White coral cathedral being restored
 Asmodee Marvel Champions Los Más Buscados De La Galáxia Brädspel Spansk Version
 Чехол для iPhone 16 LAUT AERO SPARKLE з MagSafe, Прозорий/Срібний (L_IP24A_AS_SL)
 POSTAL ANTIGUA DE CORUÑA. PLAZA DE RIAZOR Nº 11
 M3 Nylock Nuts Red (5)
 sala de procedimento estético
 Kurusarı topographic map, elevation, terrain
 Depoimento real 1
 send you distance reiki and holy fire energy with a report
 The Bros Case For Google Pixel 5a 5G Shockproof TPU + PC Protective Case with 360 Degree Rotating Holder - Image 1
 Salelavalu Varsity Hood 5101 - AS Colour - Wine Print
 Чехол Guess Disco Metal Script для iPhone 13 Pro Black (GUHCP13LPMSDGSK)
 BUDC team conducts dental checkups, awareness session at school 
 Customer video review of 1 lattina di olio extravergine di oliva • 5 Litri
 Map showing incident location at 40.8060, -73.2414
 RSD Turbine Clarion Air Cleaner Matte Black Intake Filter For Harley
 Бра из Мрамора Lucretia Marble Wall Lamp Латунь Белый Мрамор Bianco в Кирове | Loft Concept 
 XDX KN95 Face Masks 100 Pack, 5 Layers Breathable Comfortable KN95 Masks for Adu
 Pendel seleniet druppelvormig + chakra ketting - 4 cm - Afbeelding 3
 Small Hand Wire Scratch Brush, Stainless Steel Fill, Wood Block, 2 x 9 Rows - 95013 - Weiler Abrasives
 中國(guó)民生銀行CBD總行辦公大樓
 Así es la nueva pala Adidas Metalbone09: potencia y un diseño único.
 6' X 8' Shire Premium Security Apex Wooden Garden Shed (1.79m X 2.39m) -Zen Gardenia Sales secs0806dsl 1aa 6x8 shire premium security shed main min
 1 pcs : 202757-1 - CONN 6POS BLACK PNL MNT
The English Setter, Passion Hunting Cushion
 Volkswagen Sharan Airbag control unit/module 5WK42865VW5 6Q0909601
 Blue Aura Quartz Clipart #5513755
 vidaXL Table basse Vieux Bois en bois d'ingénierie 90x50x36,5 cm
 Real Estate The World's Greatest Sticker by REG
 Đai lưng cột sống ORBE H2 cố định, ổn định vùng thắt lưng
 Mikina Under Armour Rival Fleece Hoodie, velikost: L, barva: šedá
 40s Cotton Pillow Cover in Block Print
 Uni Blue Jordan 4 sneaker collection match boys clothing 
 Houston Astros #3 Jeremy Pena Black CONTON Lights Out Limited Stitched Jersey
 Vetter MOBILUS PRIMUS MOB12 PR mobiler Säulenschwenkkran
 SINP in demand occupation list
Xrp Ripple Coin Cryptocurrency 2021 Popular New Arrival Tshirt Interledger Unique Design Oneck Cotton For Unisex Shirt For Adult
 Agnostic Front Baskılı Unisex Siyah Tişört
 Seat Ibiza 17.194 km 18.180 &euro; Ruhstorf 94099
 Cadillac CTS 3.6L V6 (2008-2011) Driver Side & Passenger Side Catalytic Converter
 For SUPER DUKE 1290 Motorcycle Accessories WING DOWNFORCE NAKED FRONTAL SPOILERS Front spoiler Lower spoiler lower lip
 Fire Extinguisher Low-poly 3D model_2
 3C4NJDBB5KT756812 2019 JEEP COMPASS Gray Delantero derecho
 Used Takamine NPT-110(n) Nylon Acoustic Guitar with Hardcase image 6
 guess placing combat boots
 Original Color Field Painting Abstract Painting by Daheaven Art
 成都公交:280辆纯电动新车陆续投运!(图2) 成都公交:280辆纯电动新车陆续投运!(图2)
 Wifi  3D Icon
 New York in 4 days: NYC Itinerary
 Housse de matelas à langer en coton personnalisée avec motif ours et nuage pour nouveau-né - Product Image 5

☆ ☆ ☆ ☆

▶ [DESCRIPTION OF THE TASK]
Your task for the entries above: copy exactly the span starting with the line with "For SUPER DUKE" and going on through the line with "成都公交:280辆纯电动新车陆续投运!(图2) 成都公交", both lines included, and nothing else.

▶ [YOUR SOLUTION]
 For SUPER DUKE 1290 Motorcycle Accessories WING DOWNFORCE NAKED FRONTAL SPOILERS Front spoiler Lower spoiler lower lip
 Fire Extinguisher Low-poly 3D model_2
 3C4NJDBB5KT756812 2019 JEEP COMPASS Gray Delantero derecho
 Used Takamine NPT-110(n) Nylon Acoustic Guitar with Hardcase image 6
 guess placing combat boots
 Original Color Field Painting Abstract Painting by Daheaven Art
 成都公交:280辆纯电动新车陆续投运!(图2) 成都公交:280辆纯电动新车陆续投运!(图2)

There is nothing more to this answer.